Here you can set up your SSL settings for the certificate provided by Cloudflare. You can configure it as you like, but my recommendation is:

  • SSL: Full
  • Always use HTTPS: On
  • HTTP Strict Transport Security (HSTS): You can leave it disabled and rely on the heroku App, or customize it here (it would take precedence)
  • Minimum TLS Version: 1.2 - there is no reason to serve the deprecated ones, unless you need to support some very old browsers.
  • Opportunistic Encryption: On
  • TLS 1.3: Enabled

Testing the domain

If you did everything correctly, you should be able to visit your domain and see your custom headers:

curl -I https://www.your-custom-domain.com/ # to check the headers
curl https://www.your-custom-domain.com/ # to see if page responds correctly

I strongly recommend visiting securityheaders.com service as well, which can validate your setup and point out any broken or missing parts.

Step 4: Keeping heroku alive

One disadvantage of free heroku applications is they are put to sleep when inactive. However, if you wish to use heroku for this purpose only - you can keep the application alive all the time.

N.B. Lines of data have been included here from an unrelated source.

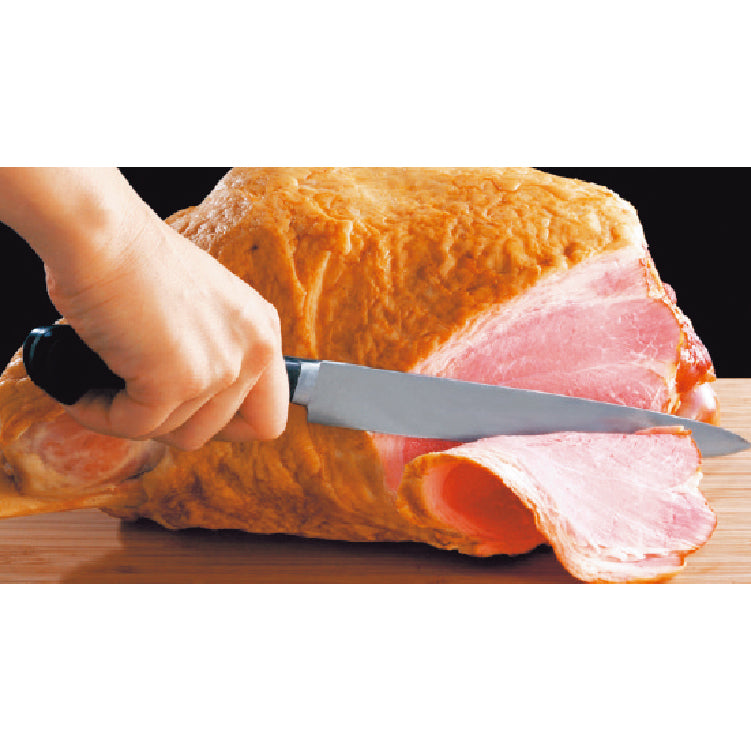
                  
                    北海道産豚肉使用 骨付きハム
                  
                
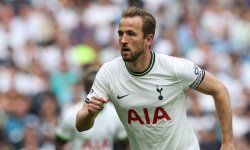 Tottenham : Harry Kane pourrait rester au club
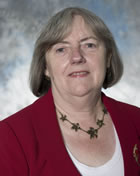 Profile image for Councillor Linda Darke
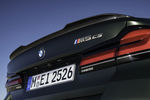 BMW M5 CS (2021)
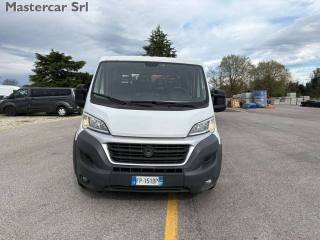 FIAT Ducato usata, con Servosterzo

To do that, you simply need to ping it at least once in 30 minutes.

This can be achieved by using one of the page monitoring services. Personally I use UptimeRobot, but if you have or like the other one - that's fine as long as you fit this time window.

Conclusion

As you can see, the whole process is somehow cumbersome, but if you manage to follow it, your GitHub page can get any HTTP header you like, along with the secure ones (Access-Control-Allow-Origin anyone? :-)). I'm personally using this setup for my homepage and never experienced any troubles.

And that's it - enjoy your free, SSL-supported GitHub page with custom domain and all the security headers!